In some way, shape, or form, we all experience these negative voices from our inner critic, and the words can be powerful (both negatively and positively). That’s why our work focuses on not silencing your inner critic, but learning to listen to it productively.
First, let’s highlight 3 ways we let our inner critic determine our career’s success:
We don’t validate the inner critic voice(s):
One of the most significant mistakes we can make is to not validate the inner critic as a real and powerful element of our personal and professional growth. According to Rachel Eddens, “Awareness is the first step to recognizing and letting go of your inner critic.” Our inner critic comes to light as a manifestation of our safety instinct, meaning that until we acknowledge these thoughts, feelings, and voices, and how they play a legitimate factor in our professional growth, we won’t be able to control it.
What does your inner critic say? What are the situations that trigger your inner critic?
We participate too long:
Think of your inner critic as rain falling on bricks. You’re strong in the moment, but with rainfall after rainfall, you begin to crumble. However, overtime, with the right tools – recognizing the voice, separating the voice from ourselves, and spending some time trying to recognize what the voice might be telling us – we can make the voice less prominent.

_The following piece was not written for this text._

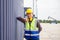 Relaxing engineer man in industry containers cargo, Foreman dock worker in hardhat and safety vest control loading containers box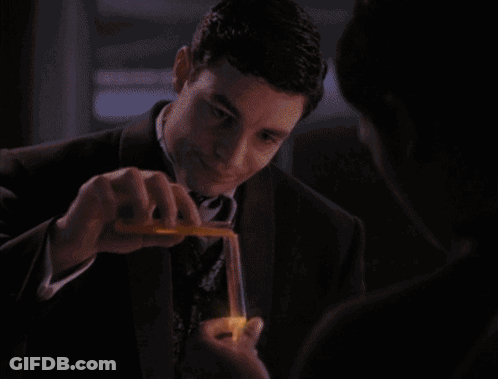 A Man In A Suit Is Holding A Lit Lighter GIF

Our goal should be to observe negative thoughts but not participate in them.
When we begin to participate them, they become a part of us (and our belief system). However, when we observe them, they become an area we can grow in (i.e. using the tools highlighted above). Don’t be afraid of your inner critic, but be intentional about not participating.
We groom our leaders with negative thoughts:
The reality is there are healthy and unhealthy situations for every leader, and not every professional situation is negative. However, there are many experiences that professionals have where “negative” comments are the norm, whether you realize it or not. They may sound like this:
– Whatever you do, don’t do that
– Be quiet in this meeting
– Don’t trust Susie, she has a reputation
– This project isn’t going anywhere
The point is this: negative comments (even if generally okay within the right context) can have implications for an individual’s self worth. If you’re constantly told what not to do, or not to do something, it’s not going to create, and build up a leadership mentality. Because of this, it’s extremely important to develop our leaders with the appropriate growth messages; especially in times of professional development.
Whether you’re just starting your career or leading a team, be sure to acknowledge your inner critic, and how it speaks to you. By lessening its impact on you personally, it will also lessen it’s effect on you professionally.
Remember, you’re more than your own critiques.